▶ Material for this task:
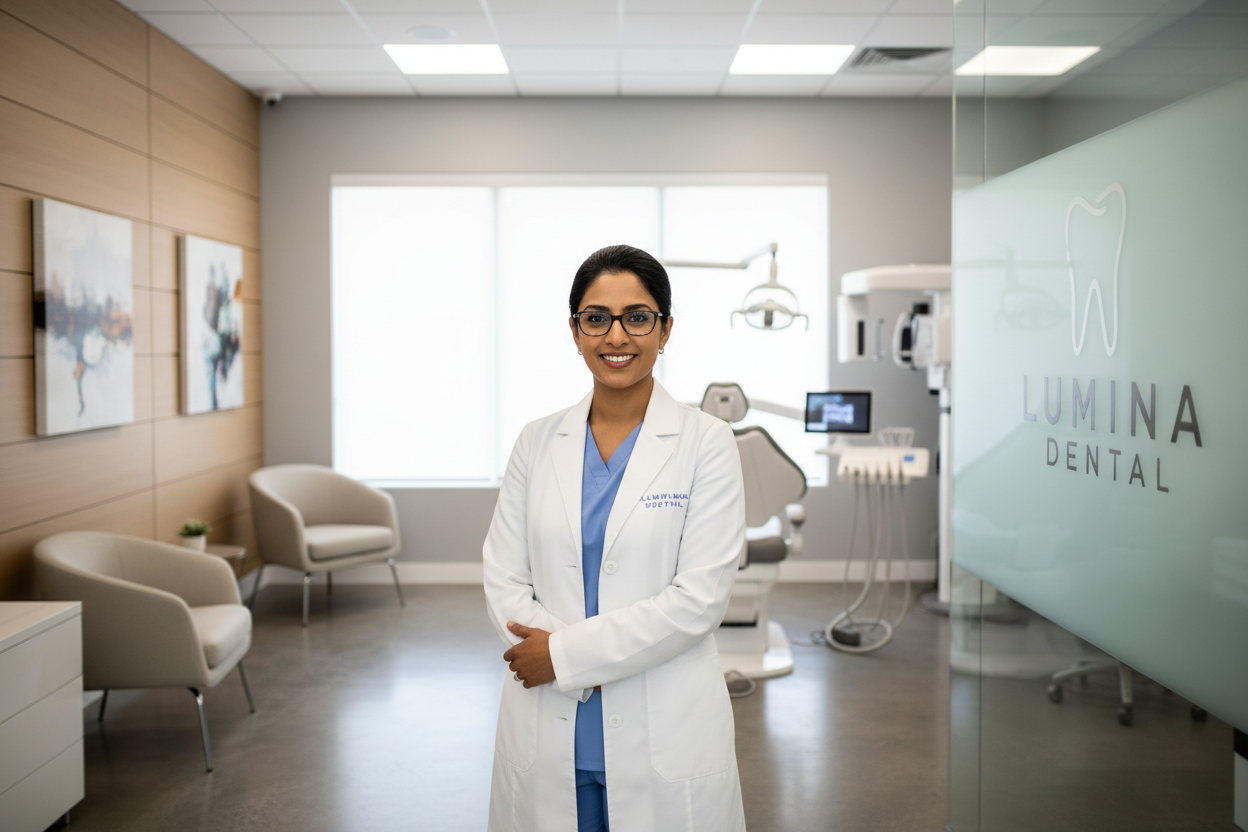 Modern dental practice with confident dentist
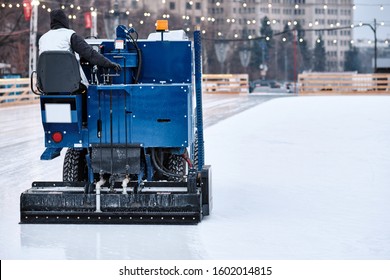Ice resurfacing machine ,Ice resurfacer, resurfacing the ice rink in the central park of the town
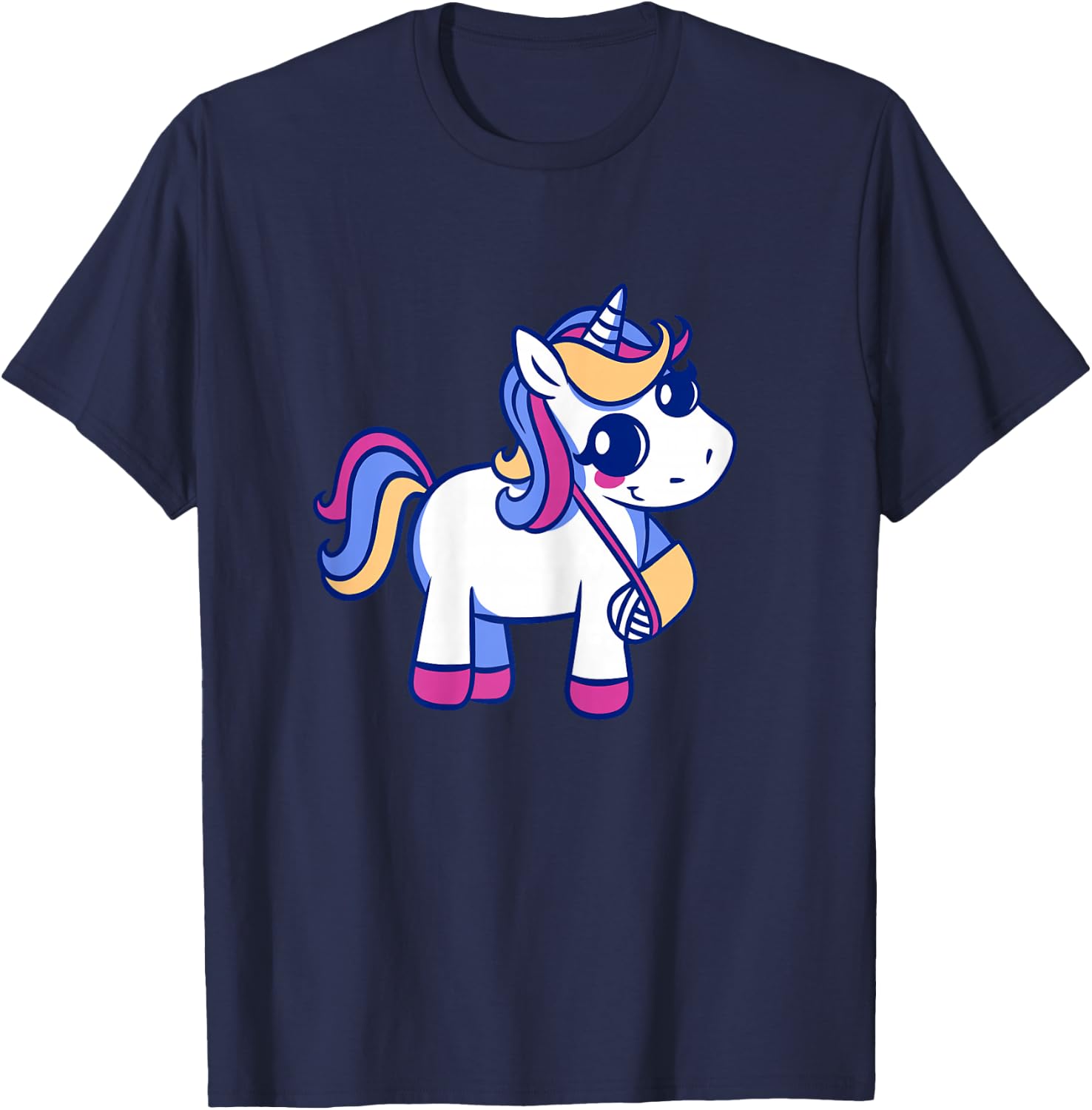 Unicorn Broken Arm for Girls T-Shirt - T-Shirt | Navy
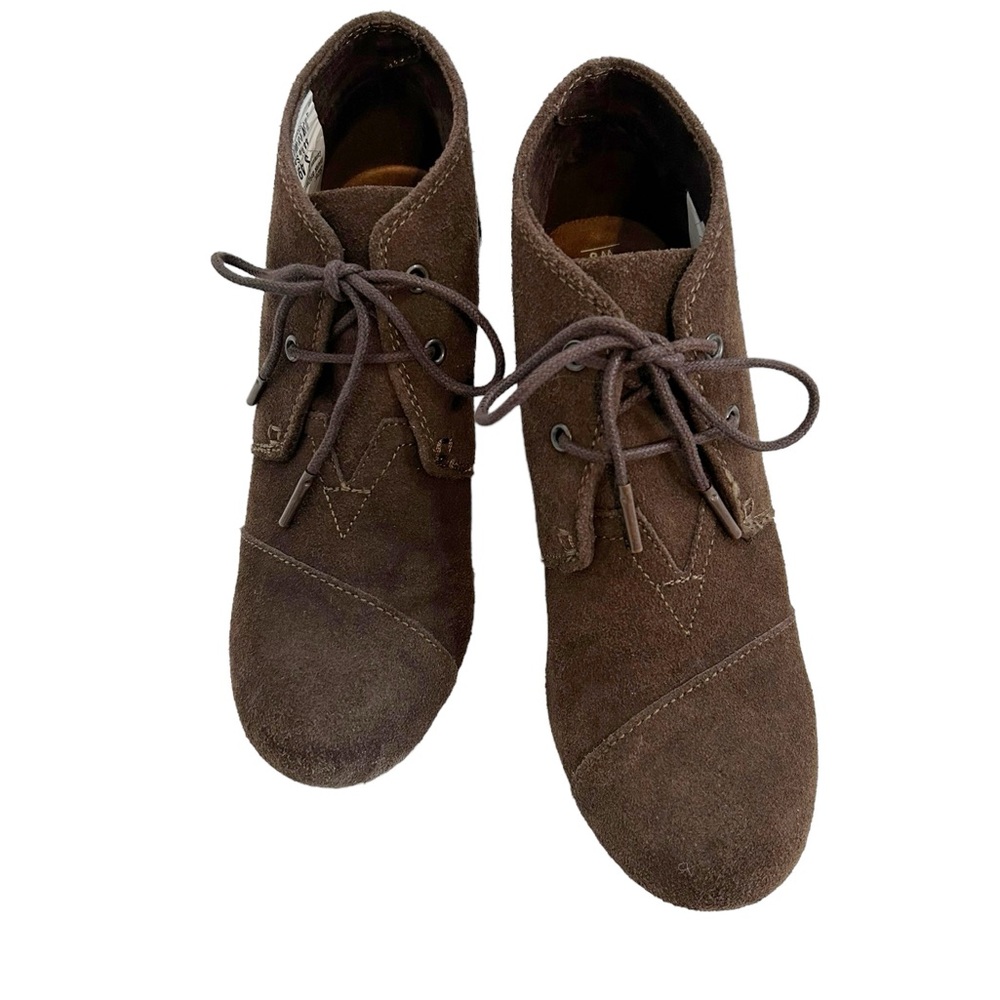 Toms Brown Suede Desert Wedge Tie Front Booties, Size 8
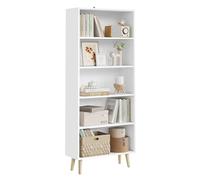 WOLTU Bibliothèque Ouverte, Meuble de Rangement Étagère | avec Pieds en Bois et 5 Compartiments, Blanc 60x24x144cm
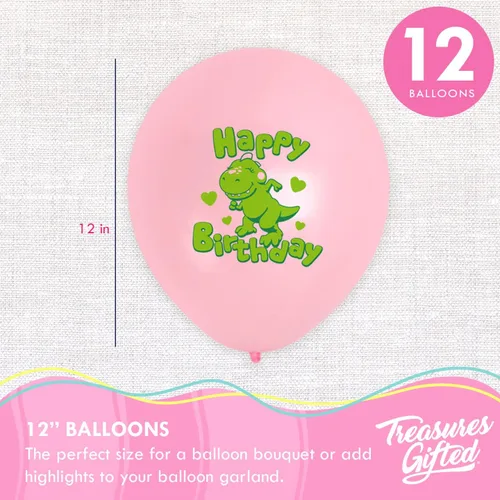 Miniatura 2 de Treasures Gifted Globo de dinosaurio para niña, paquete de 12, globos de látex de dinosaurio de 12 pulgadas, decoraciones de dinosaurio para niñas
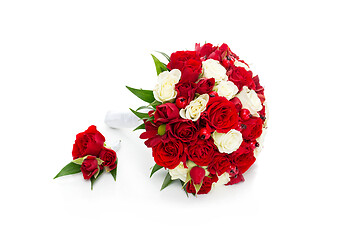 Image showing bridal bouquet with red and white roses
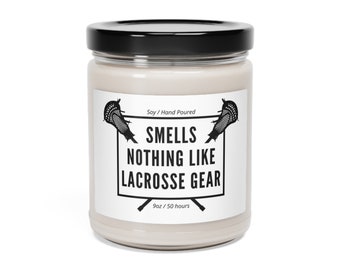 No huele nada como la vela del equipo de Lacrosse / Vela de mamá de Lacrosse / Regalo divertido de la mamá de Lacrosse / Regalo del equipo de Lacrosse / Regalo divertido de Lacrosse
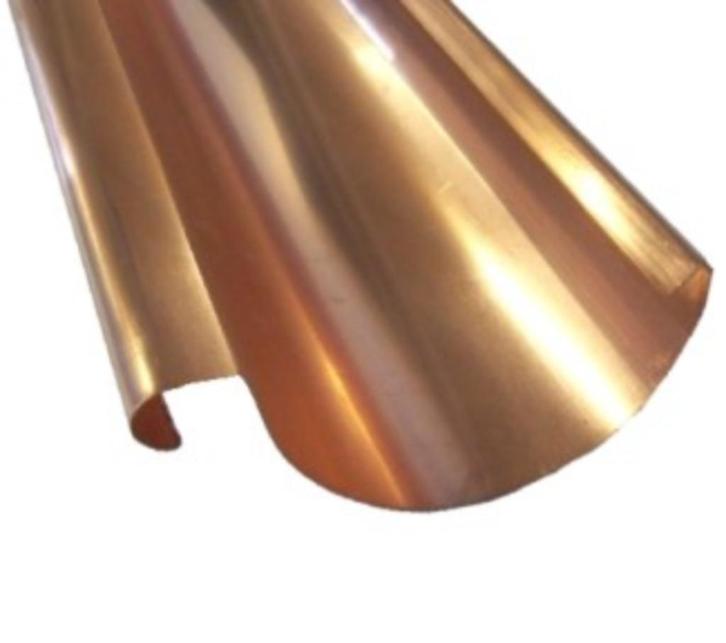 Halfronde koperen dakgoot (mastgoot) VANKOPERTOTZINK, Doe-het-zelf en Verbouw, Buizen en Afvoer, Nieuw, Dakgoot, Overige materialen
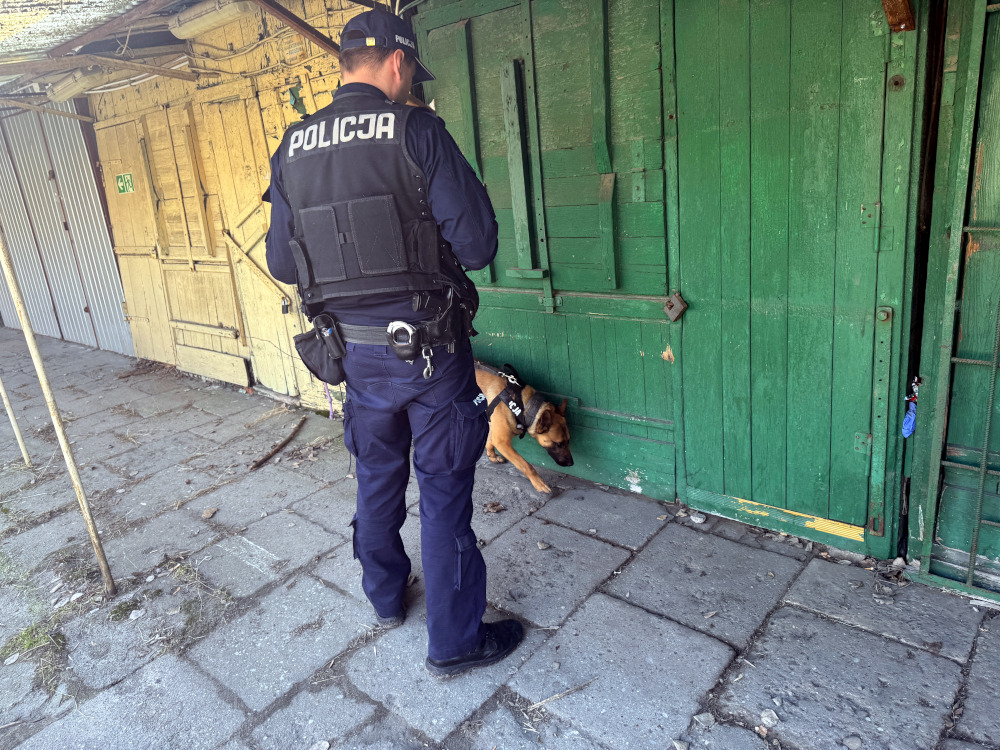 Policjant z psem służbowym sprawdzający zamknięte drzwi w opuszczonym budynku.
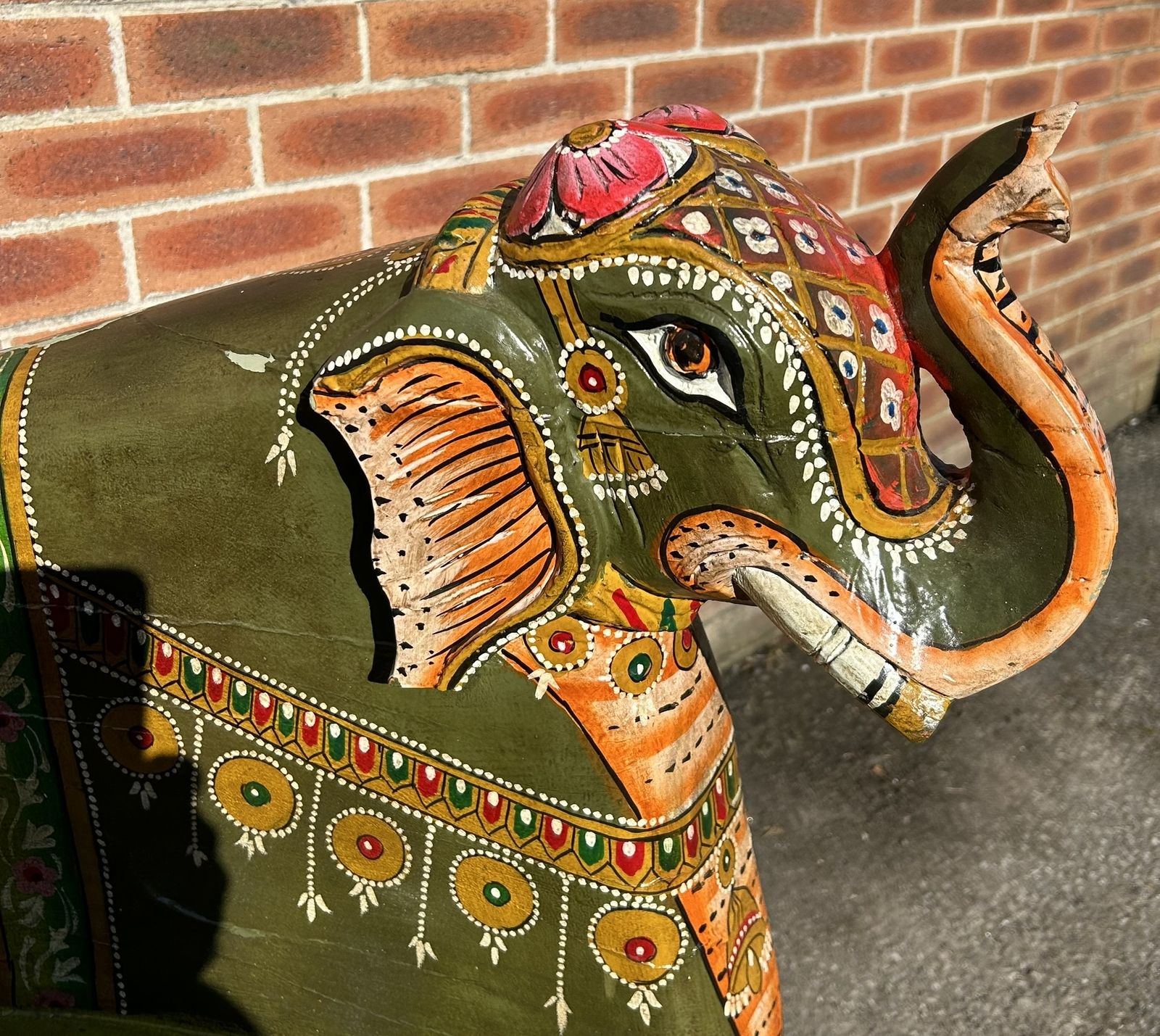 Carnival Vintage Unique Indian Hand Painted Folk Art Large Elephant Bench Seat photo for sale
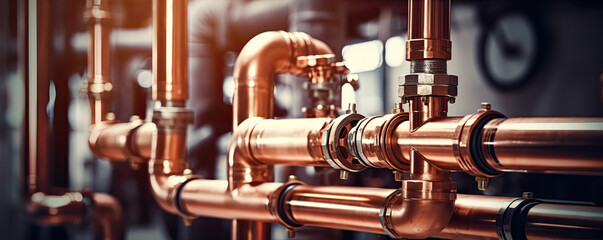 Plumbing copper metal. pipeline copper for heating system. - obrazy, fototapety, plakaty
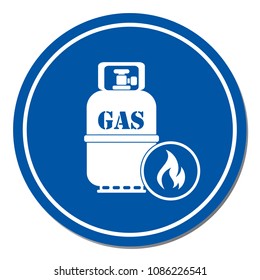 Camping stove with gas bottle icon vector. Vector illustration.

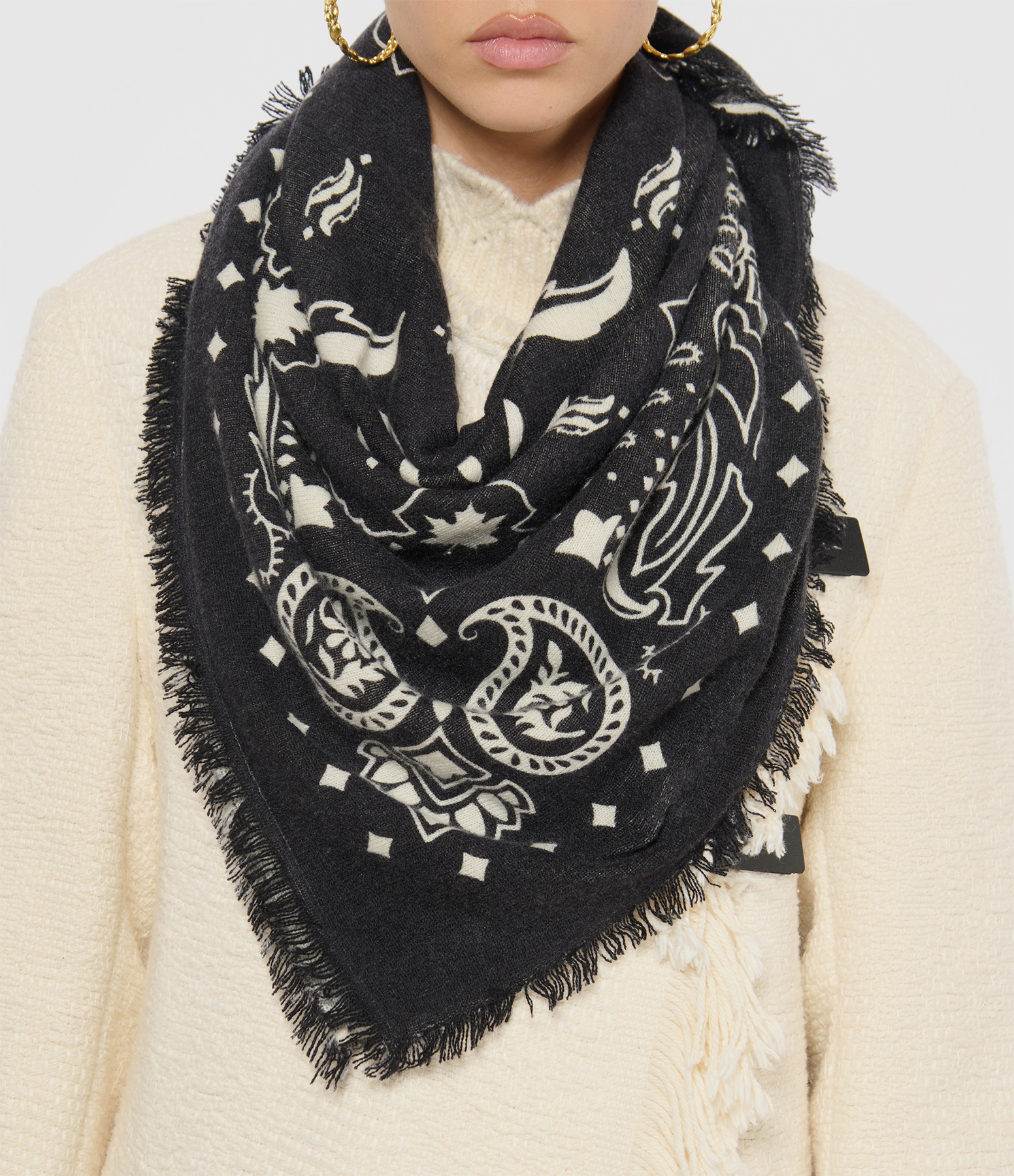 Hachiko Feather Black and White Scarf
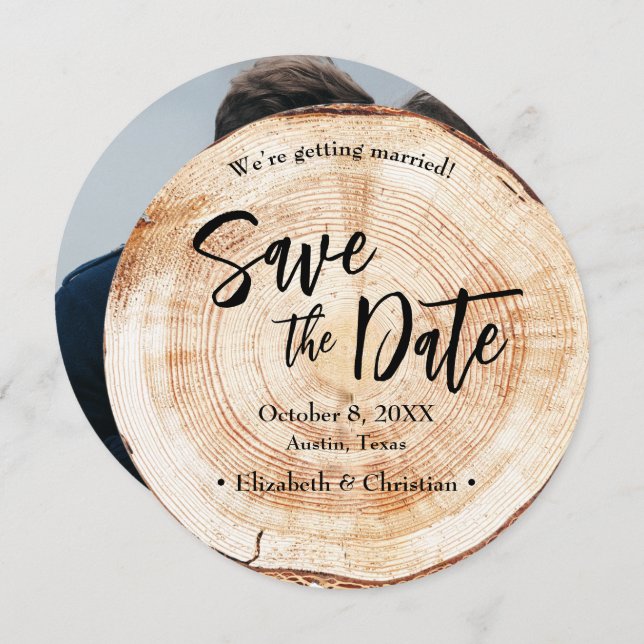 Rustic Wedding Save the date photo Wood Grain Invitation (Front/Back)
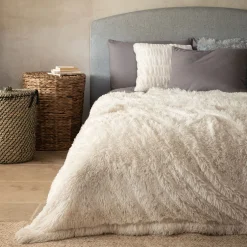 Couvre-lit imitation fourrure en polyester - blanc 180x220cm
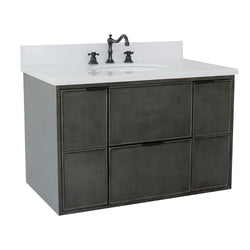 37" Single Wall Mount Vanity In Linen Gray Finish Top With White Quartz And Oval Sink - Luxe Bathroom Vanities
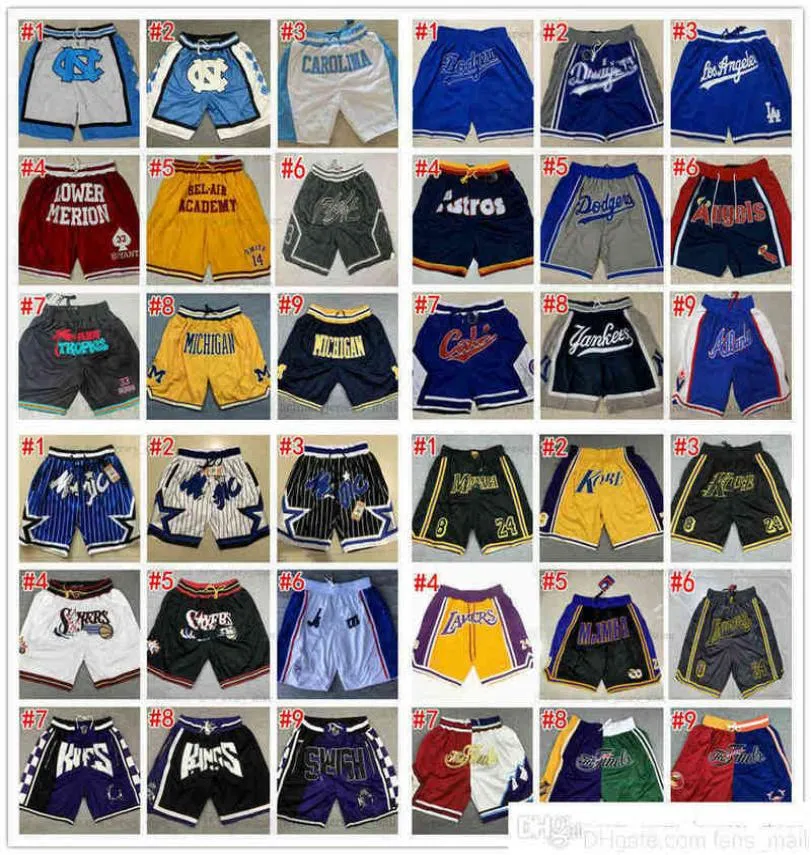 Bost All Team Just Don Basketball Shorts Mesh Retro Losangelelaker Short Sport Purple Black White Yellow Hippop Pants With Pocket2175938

▶ Exercise details:
Return the preceding entries exactly, each word as given, but leave out any picture.

▶ Solution for this problem:
 Modern dental practice with confident dentist
Ice resurfacing machine ,Ice resurfacer, resurfacing the ice rink in the central park of the town
 Unicorn Broken Arm for Girls T-Shirt - T-Shirt | Navy
 Toms Brown Suede Desert Wedge Tie Front Booties, Size 8
 WOLTU Bibliothèque Ouverte, Meuble de Rangement Étagère | avec Pieds en Bois et 5 Compartiments, Blanc 60x24x144cm
 Miniatura 2 de Treasures Gifted Globo de dinosaurio para niña, paquete de 12, globos de látex de dinosaurio de 12 pulgadas, decoraciones de dinosaurio para niñas
 Image showing bridal bouquet with red and white roses
 No huele nada como la vela del equipo de Lacrosse / Vela de mamá de Lacrosse / Regalo divertido de la mamá de Lacrosse / Regalo del equipo de Lacrosse / Regalo divertido de Lacrosse
 Halfronde koperen dakgoot (mastgoot) VANKOPERTOTZINK, Doe-het-zelf en Verbouw, Buizen en Afvoer, Nieuw, Dakgoot, Overige materialen
 Policjant z psem służbowym sprawdzający zamknięte drzwi w opuszczonym budynku.
 Carnival Vintage Unique Indian Hand Painted Folk Art Large Elephant Bench Seat photo for sale
 Plumbing copper metal. pipeline copper for heating system. - obrazy, fototapety, plakaty
 Camping stove with gas bottle icon vector. Vector illustration.

 Hachiko Feather Black and White Scarf
 Rustic Wedding Save the date photo Wood Grain Invitation (Front/Back)
 Couvre-lit imitation fourrure en polyester - blanc 180x220cm
 37" Single Wall Mount Vanity In Linen Gray Finish Top With White Quartz And Oval Sink - Luxe Bathroom Vanities
 Bost All Team Just Don Basketball Shorts Mesh Retro Losangelelaker Short Sport Purple Black White Yellow Hippop Pants With Pocket2175938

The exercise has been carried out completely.